Return each line exactly, from the one that has "Universal Car Center" through the end of the entries, both ends included. Pictures do not belong.

◆ **Dataset**
━━━━━━━━━━━━━━━━
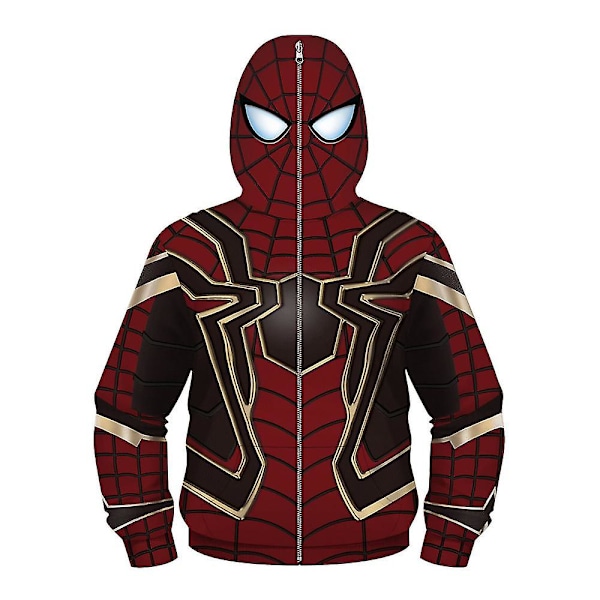 Barn Gutter Spider-Man Hoodie Genser Glidelås Jakke Topp Yttertøy Fans Gave Mørk Rød Spiderman Dark Red Spiderman 8-11 Years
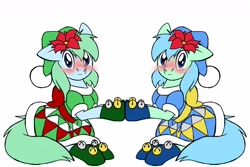 Size: 1280x853 | Tagged: safe, artist:naivintage, imported from derpibooru, oc, oc only, oc:brainstorm, oc:spearmint, earth pony, pony, blushing, christmas, crossdressing, cute, hoof touching, male, poinsettia, stallion, twins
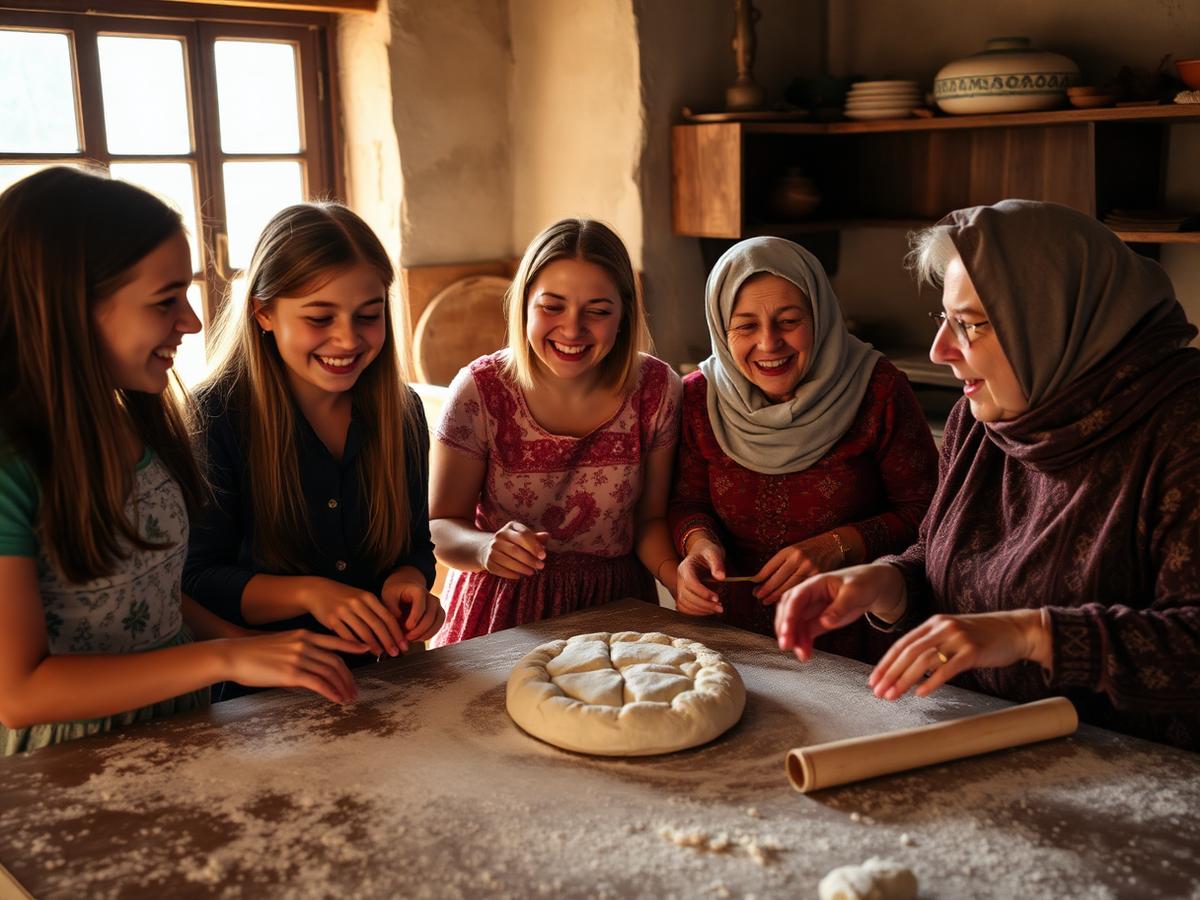 Teenage girls and older women preparing traditional pastry together in a village kitchen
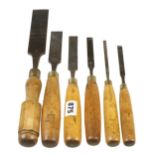 Six firmer chisels with boxwood handles G+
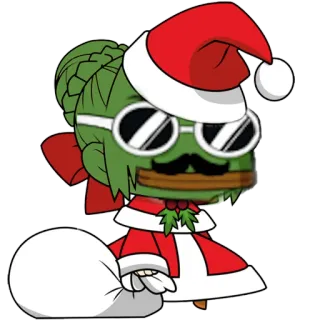 🥳 ba90fb6b Pepe Żaba, Boże Narodzenie, Święty Mikołaj, Meme, Kreskówka, Naklejka telegram sticker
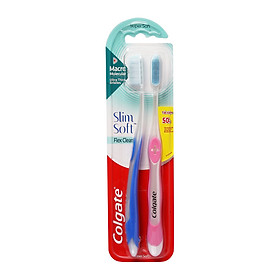 Lô 2 Cây Bàn Chải Đánh Răng Colgate Flexclean Lông Chải Nguyên Khối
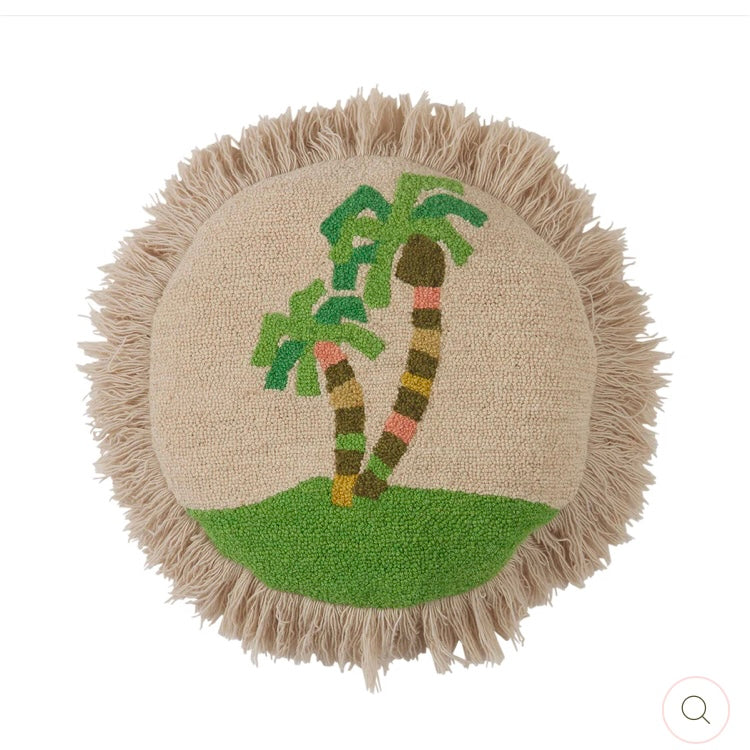 BOLSA CHICA PUNCH NEEDLE CUSHION-SAGE & CLARE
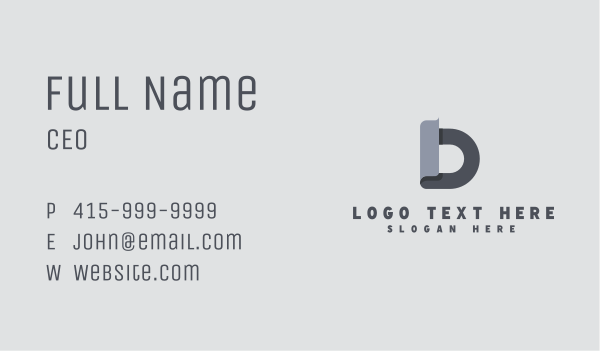 Monochrome Business Letter D Business Card Design Image Preview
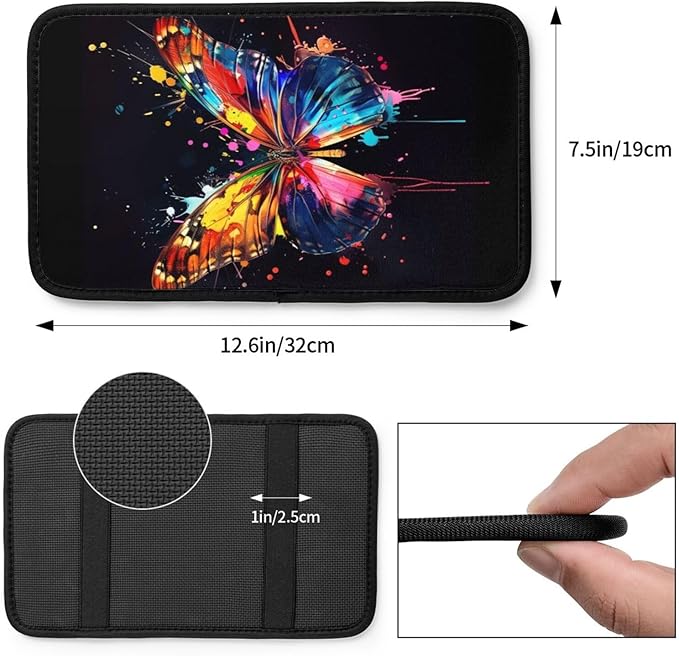 Universal Car Center Console Cushion Pad, Colorful Butterfly Soft Waterproof Car Center Console Cover Auto Armrest Seat Box Cover Protector for Most Vehicle SUV Truck Car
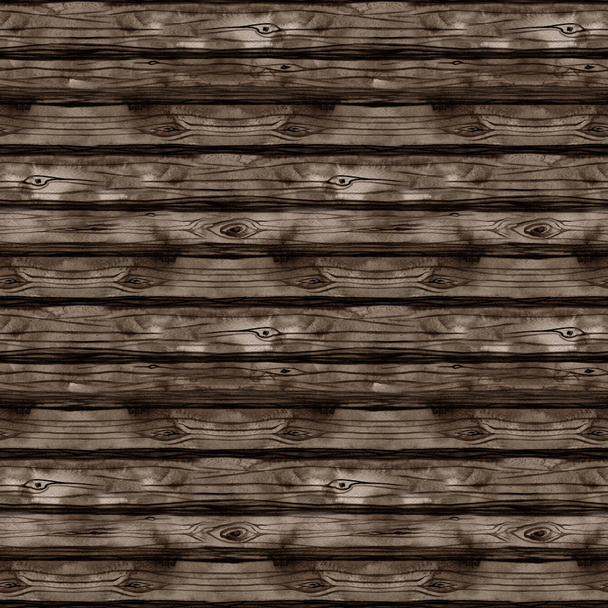 Seamless pattern with watercolor wood texture, boards, fence, floor, wall, wood, tree, firewood, timber, lumber, ligneous, plank. - Photo, Image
━━━━━━━━━━━━━━━━
◆ **Answer**
 Universal Car Center Console Cushion Pad, Colorful Butterfly Soft Waterproof Car Center Console Cover Auto Armrest Seat Box Cover Protector for Most Vehicle SUV Truck Car
 Seamless pattern with watercolor wood texture, boards, fence, floor, wall, wood, tree, firewood, timber, lumber, ligneous, plank. - Photo, Image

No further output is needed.